The ultimate performance evaluation of an FPGA-based design is in system level speedup over software-only approaches. Should the overall system speedup fail to be substantial enough to justify the added system complexity, then clearly the FPGA-assisted design should be avoided. Additional factors may play a role in the assessment of an FPGA-assisted design's worth. First, a design with only a low performance enhancement may be more meaningful if the application is frequently used. Second, a design's hardware resource requirements such as a gate count or additional memory dictate the dimensions and expense for the FPGA board's hardware. FPGA literature can be misleading in that hardware requirements necessary for peak performance are often downplayed. Finally the side effects of FPGA hardware on the overall system must be considered in a design's evaluation. For example, while an FPGA board may offload computation from the CPU, it may also increase bus traffic in the region where the FPGA resides.

#### 7. Design Examples

#### 7.1 Data Streaming and Partial Evaluation: Cryptography

Data encryption and decryption is an application for which FPGAs have recently received a large amount of public attention. Recent estimates predict that previously secure cryptography may be vulnerable to a dedicated network of FPGAs or custom ASICs. With dedicated hardware, brute force key search attacks on encrypted messages may crack messages in time periods of weeks or months instead of years or centuries. The strength of encryption generally relies on two algorithmic details. First the keyspace from which a particular key is chosen to encrypt a message must be large enough that incrementally guessing all possible keys takes a considerable length of time. Second, the encryption process must be complicated enough that it cannot be trivially performed by general-purpose CPUs. The combination of these two factors leads to lengthy searches in the case of brute force attacks. Unfortunately this complexity also limits the speed at which data streams may be encrypted. Therefore, the interest in FPGAs or ASICs is to improve the speed in which encryption and decryption of a data stream can occur.

The encryption and decryption processes are typically not considered as targets for common use of FPGAs because commercially available chips can rapidly perform the calculation. However, in [32] Leonard and Mangione-Smith present a stream oriented cryptography implementation offering improvements in the raw encoding/decoding speeds for the DES algorithm. The basis for this work is the assumption that a session key is used to encode/decode data changes infrequently for a given data stream, and is therefore ripe for partial evaluation techniques in an FPGA. The authors therefore build and compare an FPGA circuit with particular session keys hard-wired into the design. This key-specific circuit is able to achieve a 45% reduction in FPGA logic blocks and a 35% improvement in bandwidth. This work is important because it demonstrates how partial evaluation can provide substantial speed improvements for complex operations that are generally not possible in other forms of CPU or ASIC implementation.
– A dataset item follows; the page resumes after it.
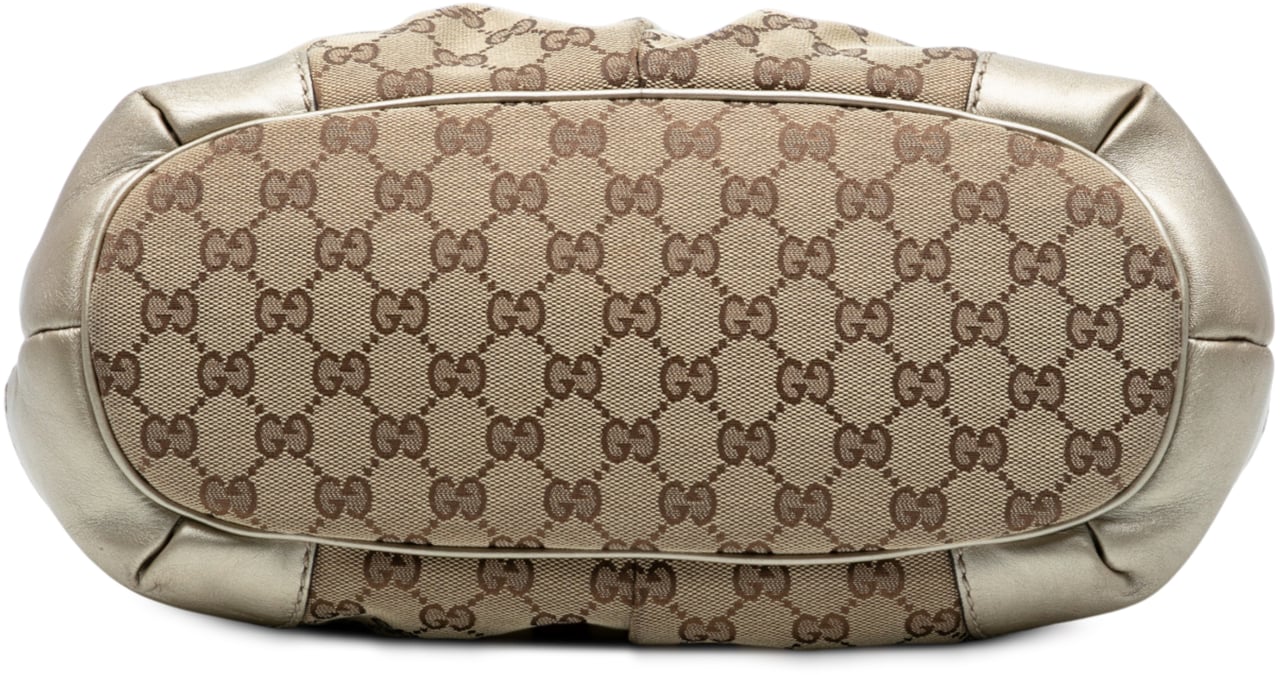 Gucci GG Canvas Sukey Satchel Bruin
While speed benefits for stream-based encryption/decryption are important, the primary interest in FPGAs for cryptography is high-speed key breaking. Due to the complexity of the encryption process, hardware support to pipeline the operation and minimize key evaluation times is critical. An ASIC implementation of a key breaking circuit would be ideal, but is of little common use to non-cryptographic breaking agencies. Therefore the FPGA is the architecture of choice for ad-hoc evaluation of cryptographic strength. A general key breaking system consists of three main components: a key generator, an encryption unit, and a comparison unit. Although a key generator can be a simple counter, alternate approaches choose less complex but unique key

generators for high speed [33]. The encryption unit may be pipelined depending on the complexity of the algorithm, and generally provides the critical delay for the system. Performance of key breaking circuits for FPGAs is impressive: studies show that a single DES key-breaking circuit can test 1.02Mkeys per second with a system clock of 17MHz [34]. By comparison, software implementations can check at least 50Kkeys per second. Accepting the parallel nature of the operation, multiple key breaking circuits may be placed in a single FPGA, as well as in multiple FPGA based systems.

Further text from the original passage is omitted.